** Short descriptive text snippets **
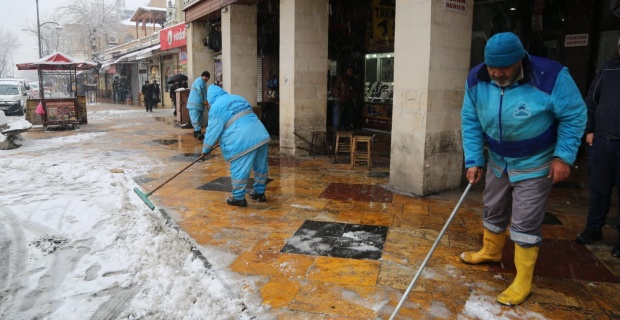 Eyyubiye Belediyesi 110 personel ve iş makinalarıyla kar nöbeti tuttu.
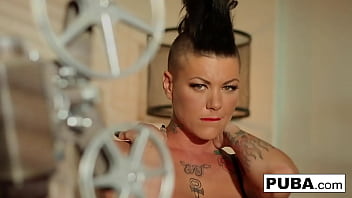 Brunete babe masturbates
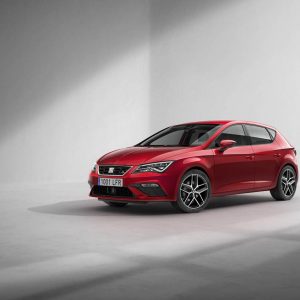 Photo officielle SEAT Leon 5 portes restylée (2016)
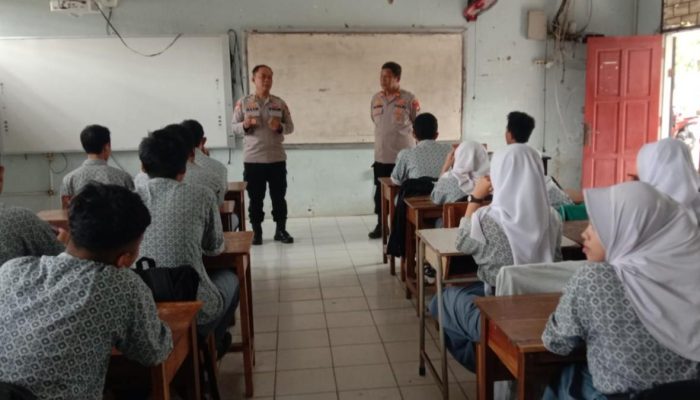 Jalin Kedekatan Sejak Dini, Polisi Ajarkan Keselamatan dan Perlindungan Diri kepada Pelajar SD hingga SMA
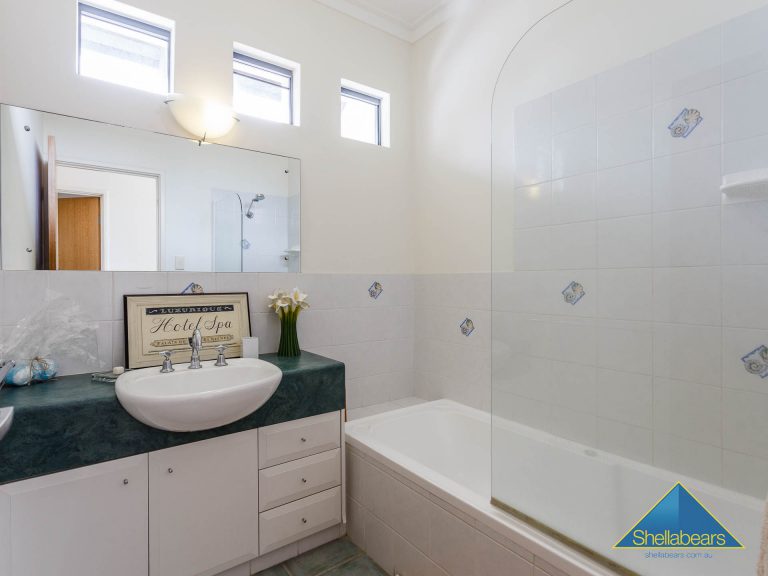 19 Lynton Street gallery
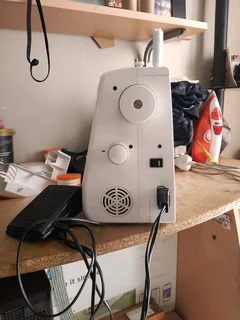 Empisal 18 stiches sewing machine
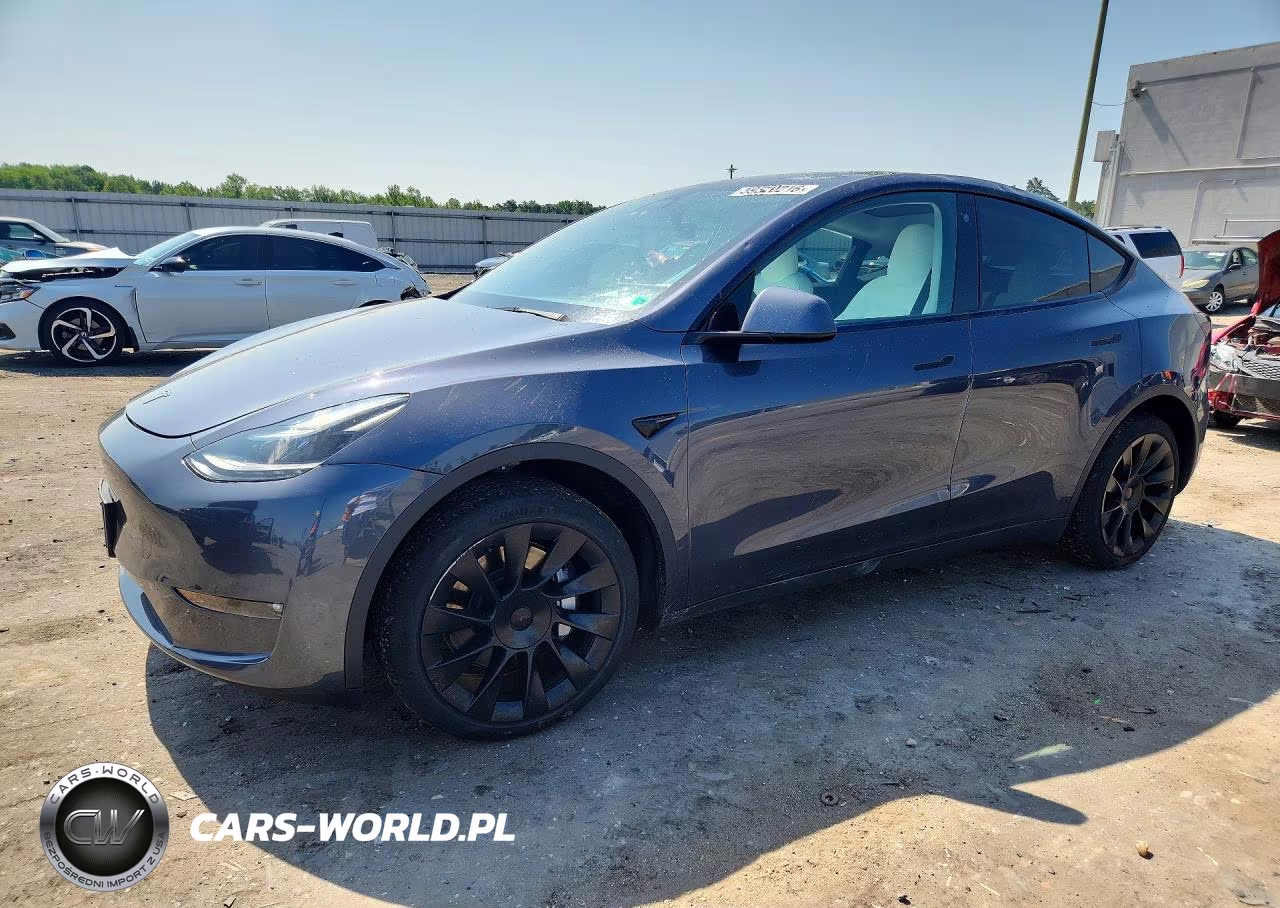 2023 Tesla Model Y – zdjęcie 1 z 12
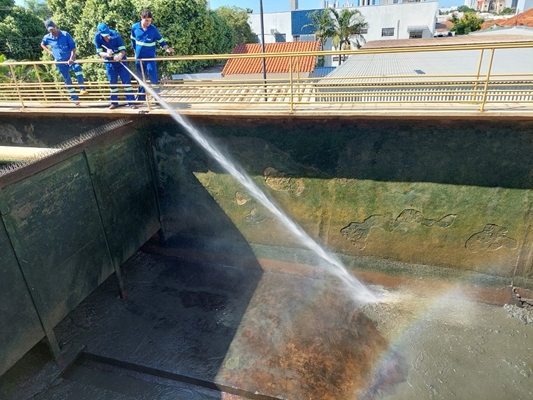 SAEV faz limpeza em sistema de tratamento de água 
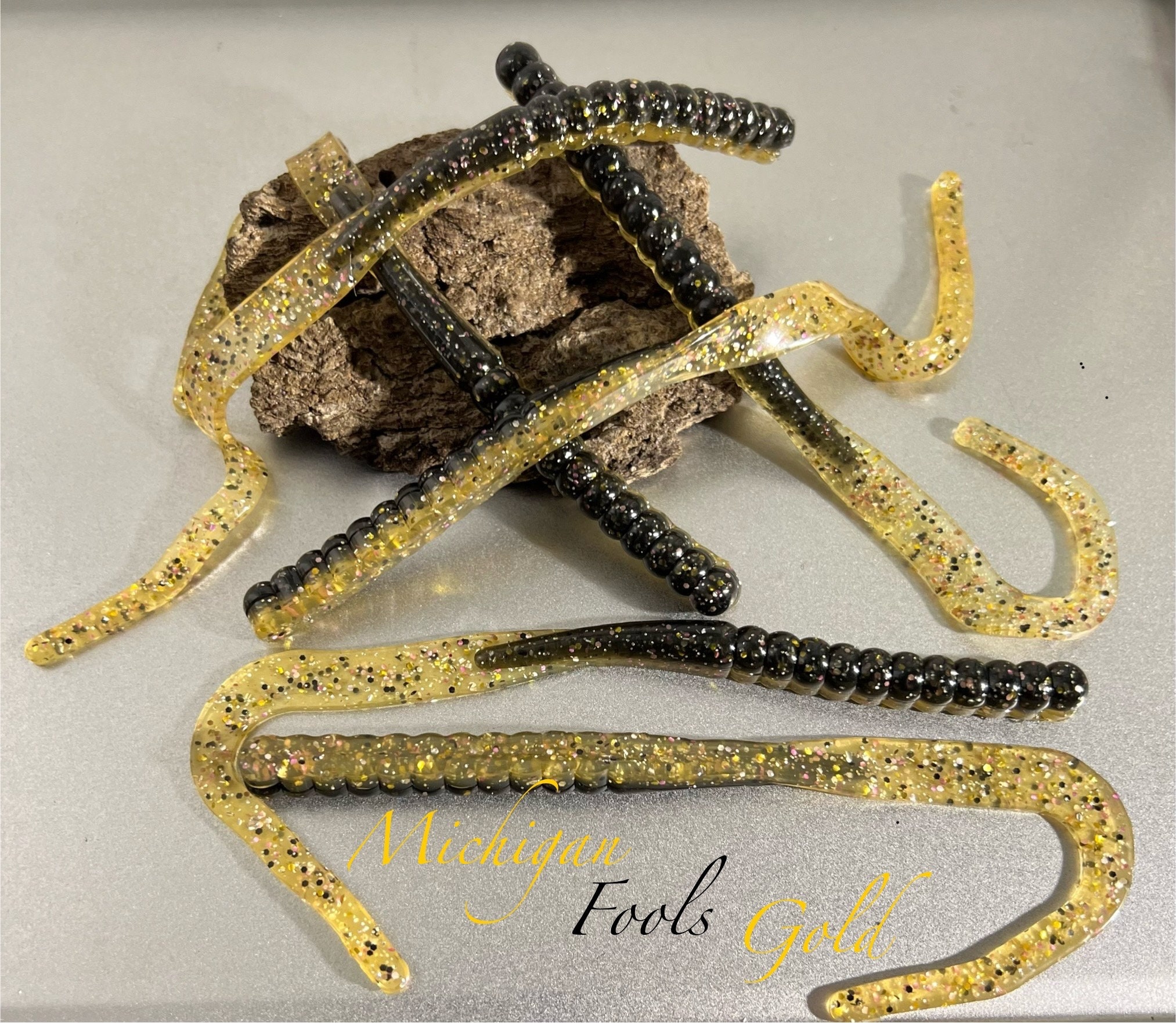 Fake Worms Pk20 - Novelty Accessories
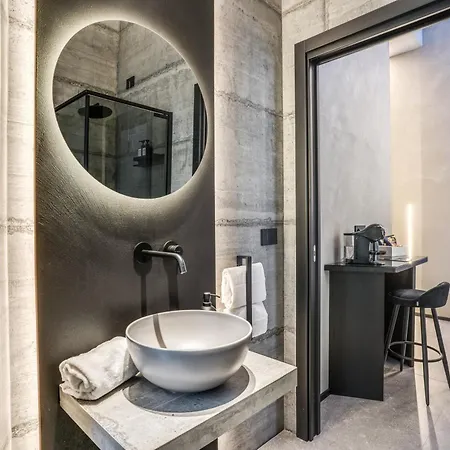 Gallery Experience 4*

** What is expected **
With the pictures left out, copy exactly the lines from the one containing "SAEV faz limpeza" through the final line of the records above, both included.

** Output for this task **
 SAEV faz limpeza em sistema de tratamento de água 
 Fake Worms Pk20 - Novelty Accessories
 Gallery Experience 4*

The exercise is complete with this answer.